Den frutos de conversión.

Al ver que los fariseos y saduceos se acercaban al Jordán a recibir el bautismo de Juan, este les reclamaba con dureza: «Den, pues, fruto digno de conversión, y no crean que basta con decir en su interior: “Tenemos por padre a Abraham”; porque les digo que puede Dios de estas piedras dar hijos a Abraham» (Mt 3, 8-9).
Nota como Juan los persuade de abandonar esa falsa confianza en que por ser hijos de Abraham (a quien Dios le prometió que bendeciría a sus descendientes) no habría que dar frutos de esfuerzo y conversión; con ser herederos de las promesas bastaba. Y no es así.

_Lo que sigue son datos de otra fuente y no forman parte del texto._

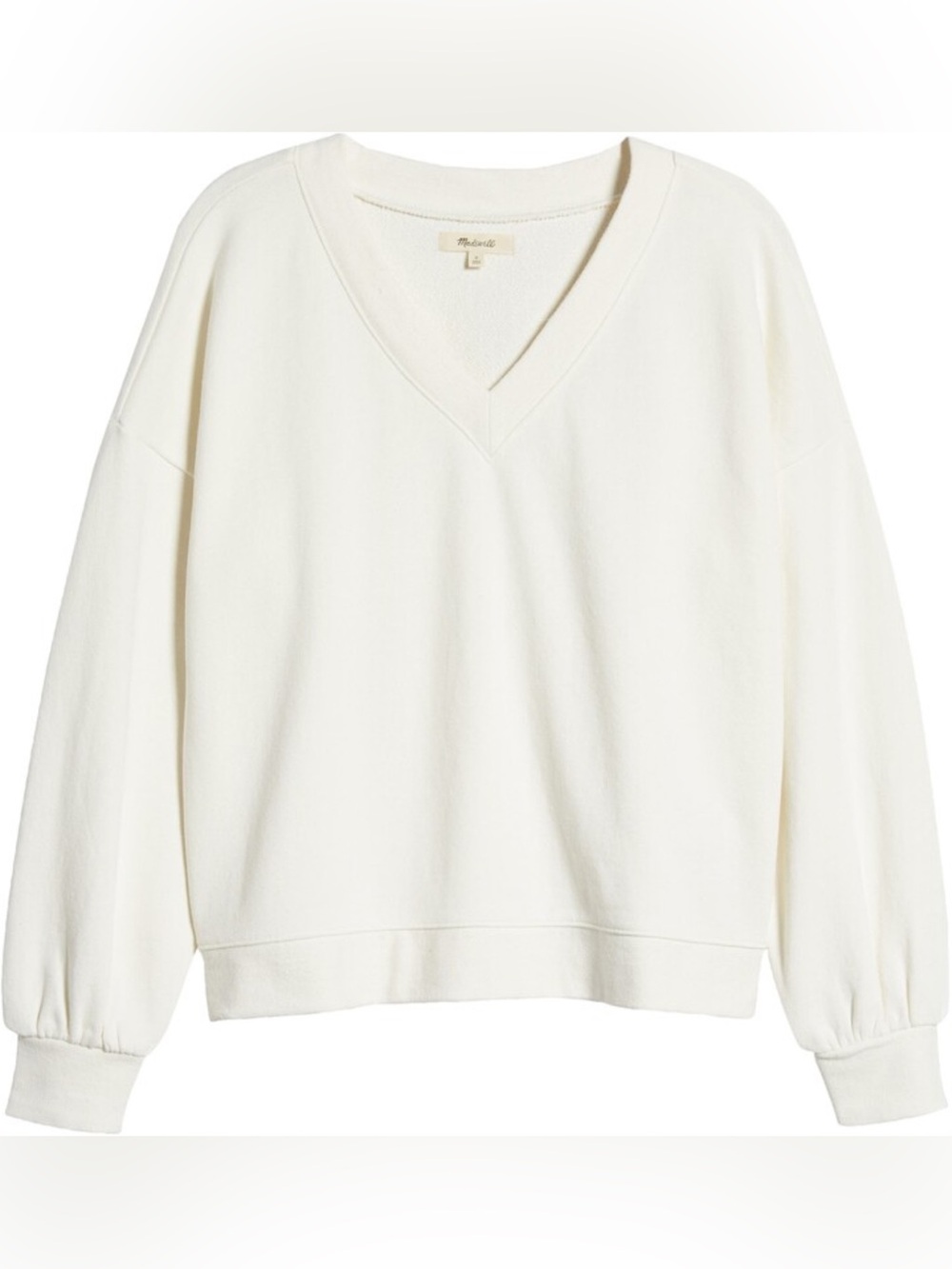 Madewell Terry Cloth V Neck Lightweight Sweater - Off-White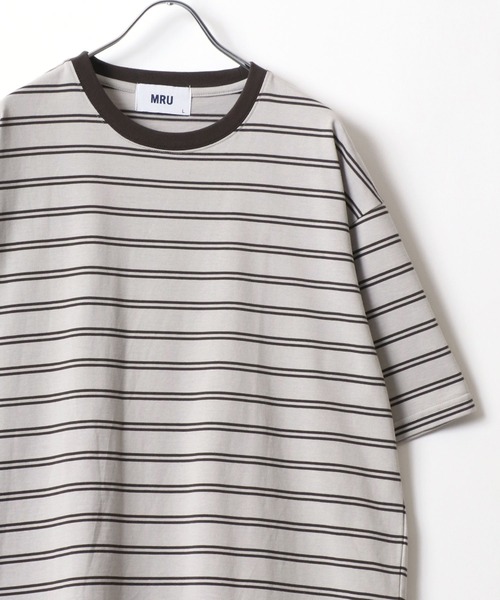 MRU(エムアールユー)の「MRU/エムアールユー 接触冷感 吸汗速乾 UVカット 機能ボーダー 半袖Tシャツ 大きいサイズ(3L,4L,5L,6L)(Tシャツ/カットソー・メンズ・ベージュ/ネイビー/ブラック/ホワイト・3L/6L/5L/4L)」の1枚目の写真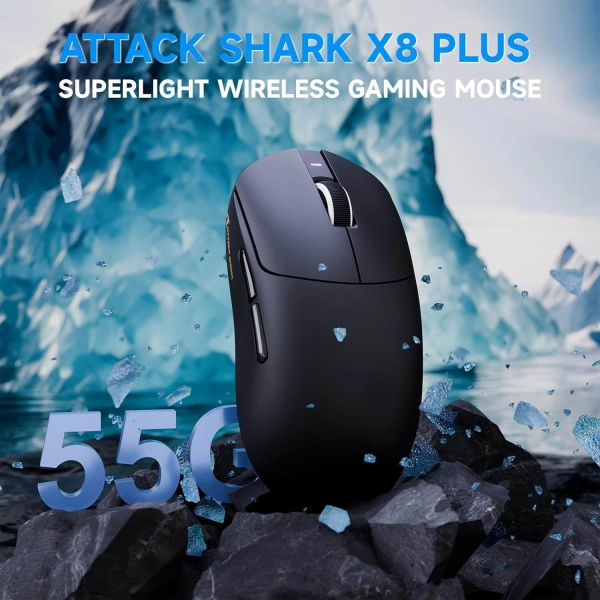 Миша ATTACK SHARK X8 Plus PAW3395PRO з трьома режимами 2.4G/USB-C з кабелем/Bluetooth Чорна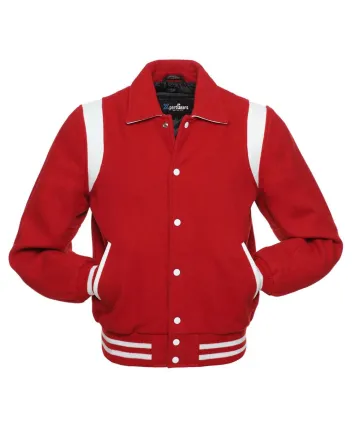 Red Retro Varsity Jacket with White Shoulder Inserts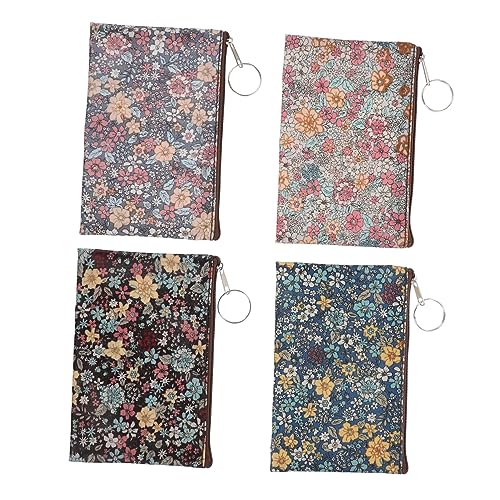LIFKOME 4stücke Floral Muster Geldbörse Für Damen Kleine Baumwollstoff Kartenhalter Mit Reißverschluss Münztäschchen Zum Tragen in Tasche Rucksack von LIFKOME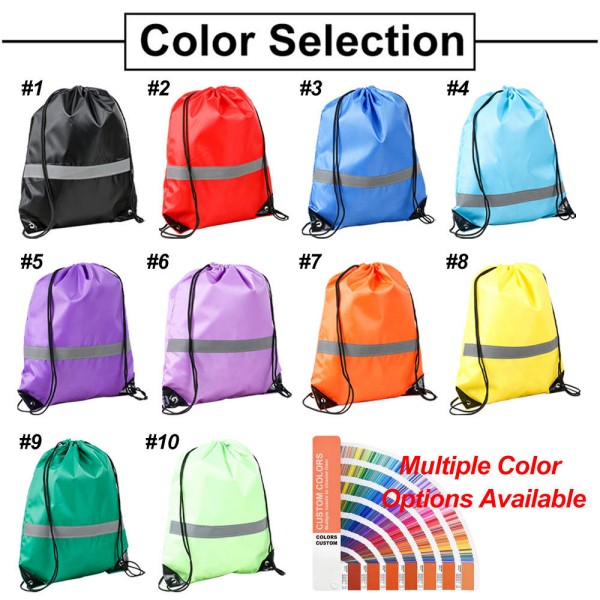 Custom Reflective Drawstring Backpack detail 2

Nos puede pasar a nosotros, bautizados (y por lo tanto hijos de Dios, miembros de la Iglesia y herederos de las promesas del Reino de Dios), creamos que por decir «Señor, Señor» tenemos comprada la salvación (Mt 7). Lo que el Señor espera de nosotros es que demos frutos adecuados al don que Él nos regala. Ciertamente de Dios viene la gracia en forma de semilla, y él mismo es el sembrador, pero está en nosotros disponernos como buen terreno a dar fruto según nuestra capacidad. Que no nos pase como aquel heredero de un gran empresario que sentía resuelta su vida, y al poco de morir el padre, su poca habilidad para los negocios acabó por arruinar la empresa heredada, terminando el hijo de un rico como un pobre a causa de su negligencia. Demos, pues, frutos dignos de conversión con la semilla de la gracia que se nos ha encomendado.